= Ernie Dickerman =

American conservationist (1910–1998)

Ernest Miller Dickerman (December 22, 1910 – July 31, 1998) was an American wilderness advocate and conservationist. Known as the "Grandfather of Eastern Wilderness", he was particularly instrumental in securing legal protection for wild land in Virginia and eastern United States.

==Early life and career==
Born in Austin, Illinois, Dickerman moved at the age of three to the Adirondacks. When he was six, his family relocated to Richmond, Virginia, where his mother later died from tuberculosis. Dickerman and his two siblings went to boarding schools. He attended Gettysburg Academy in Pennsylvania, and then Oberlin College, graduating in 1931 with a degree in economics.

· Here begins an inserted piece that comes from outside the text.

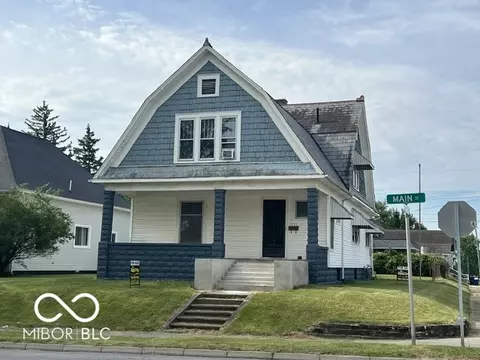 1201 Main St, Elwood, IN 46036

In 1934 he moved to Knoxville to work for the newly established Tennessee Valley Authority (TVA). After three and a half years he left TVA to work as a production manager with the Patent Button Company of Tennessee, and stayed for nearly twenty years. While in Knoxville, Dickerman became enamored of the Smoky Mountains. He spent much of his free time hiking and camping in the mountains, later stating "When I found the Smoky Mountains... I knew I had found what I was looking for on this planet."

==The Wilderness Society==
He became a member of the Conservation Committee of the Smoky Mountains Hiking Club, where he became close friends with attorney and Knoxville-native Harvey Broome, one of the eight founders of The Wilderness Society. Dickerman signed on as one of The Society's charter members shortly after its inception in 1935, eventually joining the staff in 1966.

Dickerman was recruited by The Wilderness Society to organize public opposition to a proposal to build a second trans-mountain highway through 22 mi of remote ridges and forests of the Great Smoky Mountains National Park from Bryson City, North Carolina, to Townsend, Tennessee. Since this project was a favorite of National Park Service's Director George B. Hartzog Jr., the fight was long and hard. Dickerman traveled the country, giving speeches and organizing hikes in order to raise public awareness of the damage such a project would inflict on the park. After seven years of controversy, Hartzog was forced to abandon the proposal.

After that victory, Dickerman's main goal was to apply the newly passed Wilderness Act of 1964 to the eastern United States. He traveled widely, giving lectures on the importance of wilderness and the benefits the Act offered. Known for his quiet passion and amiable nature, he gained a reputation as a formidable speaker. Dickerman moved to Washington, D.C., headquarters of The Society, in 1969. His intense lobbying paid off when, in 1975, President Gerald Ford signed the Eastern Wilderness Areas Act. Acknowledging that eastern forests could one day recover their natural appearance, the act recognized sixteen new wildernesses in the Eastern United States, totaling nearly 207,000 acres

While working for The Wilderness Society, Dickerman also acted as manager for the Robert Marshall Wilderness Fund.

==Retirement and later life==
After retiring from The Society in 1976, at the age of 65, Dickerman moved to his nephew's farm in Buffalo Gap, Virginia. However, he continued to work as an advocate for wilderness preservation. Soon after his retirement, he was elected president of the Virginia Wilderness Committee, and he served as mentor to a new generation of conservationists and lobbyists for wild land protection. He presided over the passage of two major wilderness bills for Virginia, in 1984 and 1988. Shortly before his death at the age of 87, he composed the following announcement:

On (date) Ernest M. "Ernie" Dickerman, a lifelong bachelor, died at the age of 87 by his own hand as he had long planned, on the little old farm in the Allegheny Mountains where he had lived since retiring in 1976. "Quit while you are ahead" is sound philosophy, both in poker and in life. For over sixty years, as an amateur or as a professional, he was an active conservationist, especially in wilderness preservation.